How to complete this task: Please reproduce the listing in its entirety, exactly as written, but without images.

Given information:
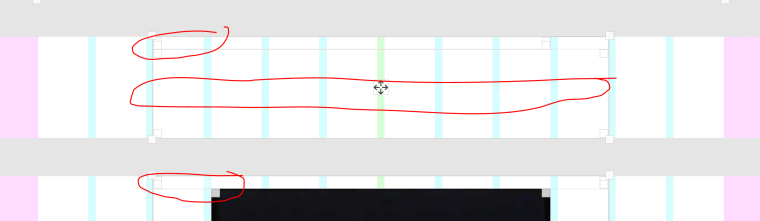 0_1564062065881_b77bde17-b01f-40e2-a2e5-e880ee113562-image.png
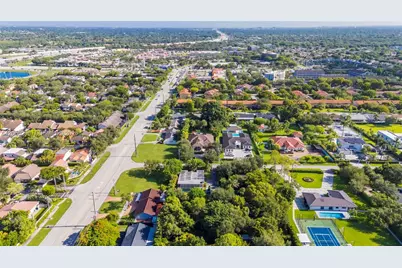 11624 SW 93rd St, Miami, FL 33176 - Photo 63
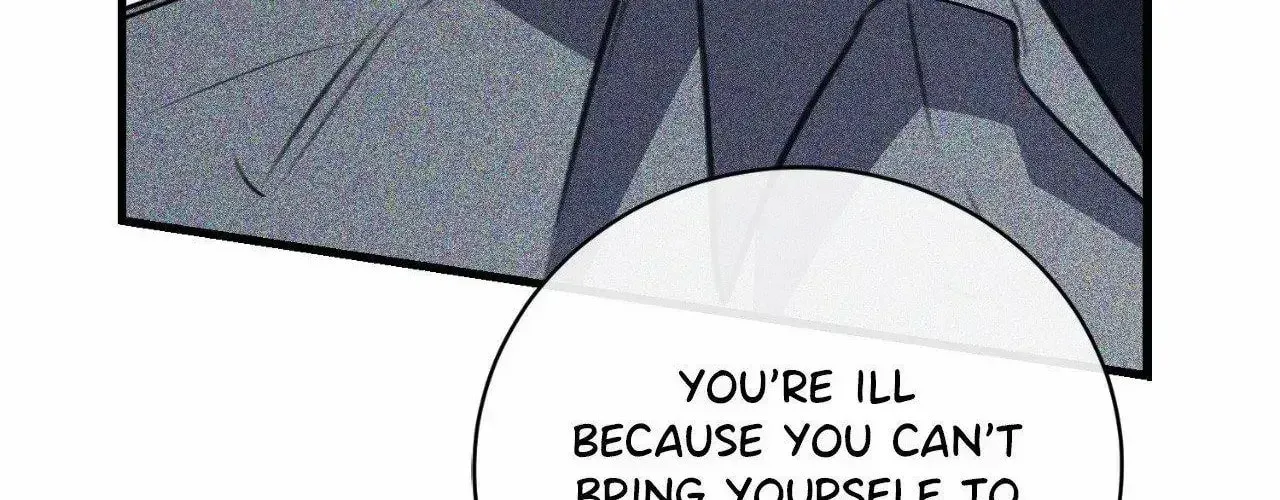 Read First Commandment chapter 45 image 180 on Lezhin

Solved exercise:
 0_1564062065881_b77bde17-b01f-40e2-a2e5-e880ee113562-image.png
 11624 SW 93rd St, Miami, FL 33176 - Photo 63
 Read First Commandment chapter 45 image 180 on Lezhin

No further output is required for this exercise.